One aspect of the present invention is to provide a utility panel system, wherein each panel has a relatively thick, skeleton-like frame, with a foot and opposite sides shaped for connection with like panel frames to create a substantially freestanding utility panel system. Cover panels are detachably connected to the opposite faces of the panel frame to enclose the same, and provide ready access to the panel interior. Horizontal utility troughs extend continuously between the opposite sides of the panel frame in a vertically stacked relationship. The utility troughs have open ends located at the opposite panel sides, such that when adjacent panels are interconnected in a side-by-side relationship, the utility troughs are aligned to form multiple raceways.

Panel connectors are preferably provided to connect the utility panels with one or more of a variety of existing partition panels, and thereby permit the utility panels to act as a spine which supplies utilities to the existing partition panels.

In another aspect of the present invention, each panel frame includes at least two vertical uprights positioned adjacent the ends of the utility troughs, which extend laterally outwardly thereof to avoid encroachment into the horizontal raceways, and simultaneously create at least one vertical raceway through the interior portion of the utility panel. Communication between the horizontal and vertical raceways permits utilities to be routed therebetween within the interior of the utility panel.

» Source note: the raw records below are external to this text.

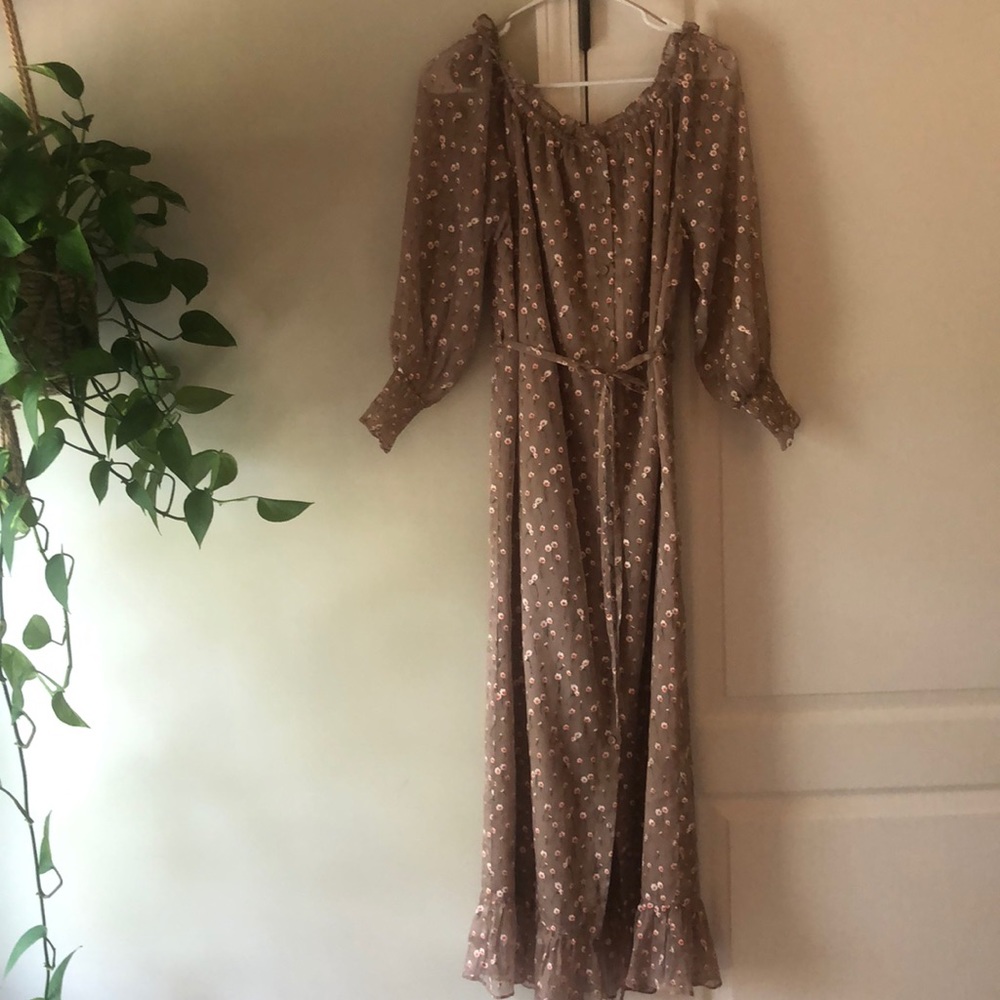 ASOS- off the shoulder khaki floral maxi dress
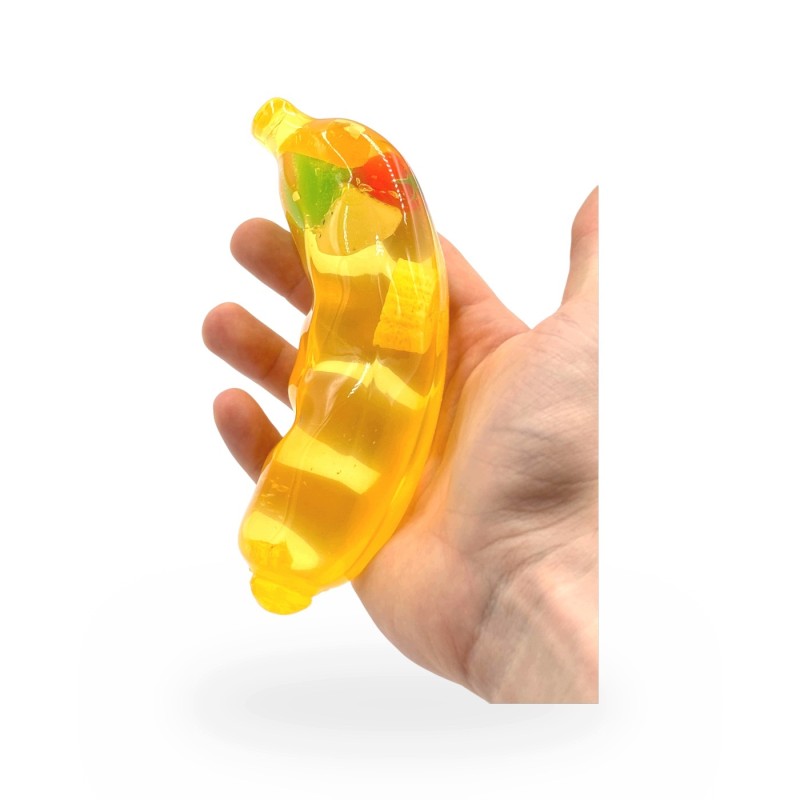 Gniotek Wazelinowy Banan z Owocami Squishy Antystresowy Sensoryczny 18cm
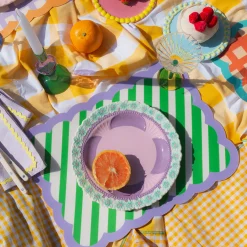 Set de table Biscotti à Rayures - 38 cm x 48 cm - Vert & Violet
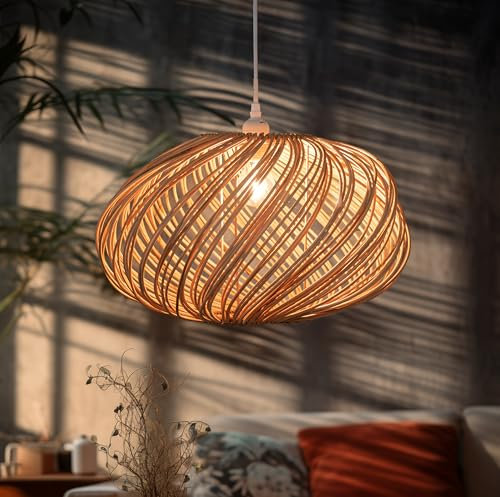 Maison d'Ailleurs - Natural Rattan Lampshade, D45 cm, Non-Electrified Pendant, Bamboo or Wicker Style Light Fixture for Ceiling, Chandelier or Floor Lamp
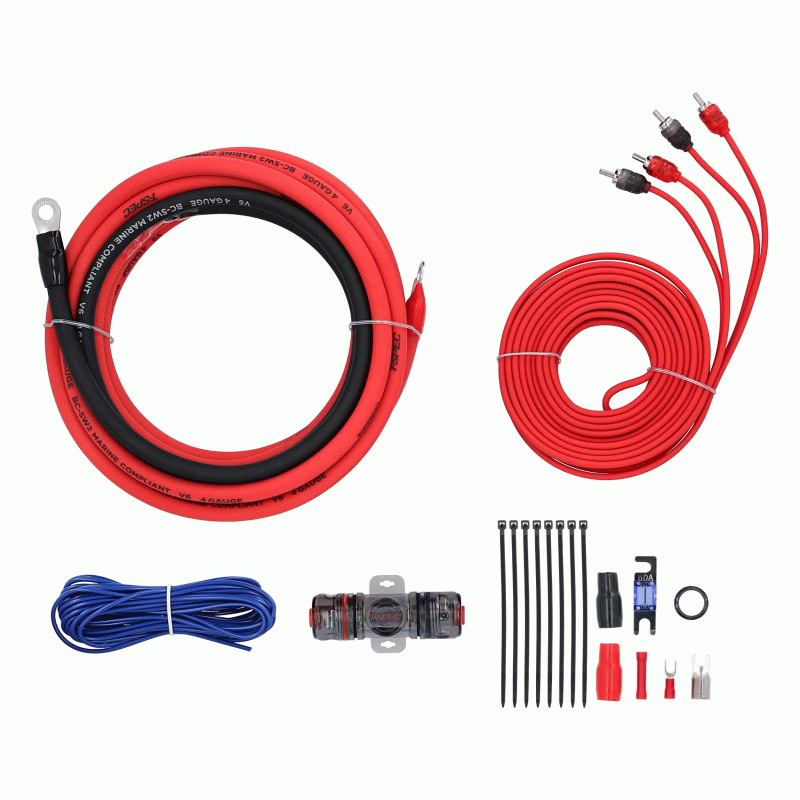 T-Spec V6RAK4 4 Gauge V6 CCA Amp Wiring Kit w/2-CH Marine Grade RCA Interconnect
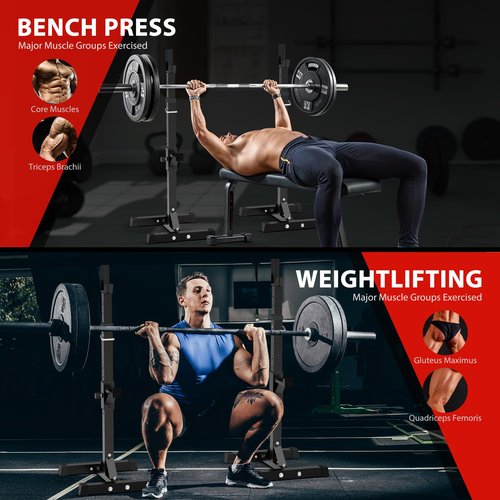 F2C Max Load 550Lbs Pair of Adjustable 41"-66" Rack Sturdy Steel Squat Barbell Free Bench Press Stands GYM/Home Gym Portable Dumbbell Racks Stands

In another aspect of the present invention, a collapsible duct is provided including an elongate duct having a closed interior defined by a sidewall constructed from a thin, substantially imperforate, flexible film. The duct is configured to conduct ventilation air, and has a first opening shaped to communicate with a source of pressurized ventilation air, and a second opening shaped to communicate with at least one diffuser to disperse ventilation air into an associated workspace. The duct has a nonrigid and nonreinforced construction which permits the duct to be laterally collapsed and locally deformed to facilitate threading the duct through associated furniture units, such as partition panels, whereby during operation, pressurized ventilation air from the source inflates the duct and automatically expands the same laterally to a configuration which maximizes ventilation air flow therethrough, while minimizing resistance to the flow.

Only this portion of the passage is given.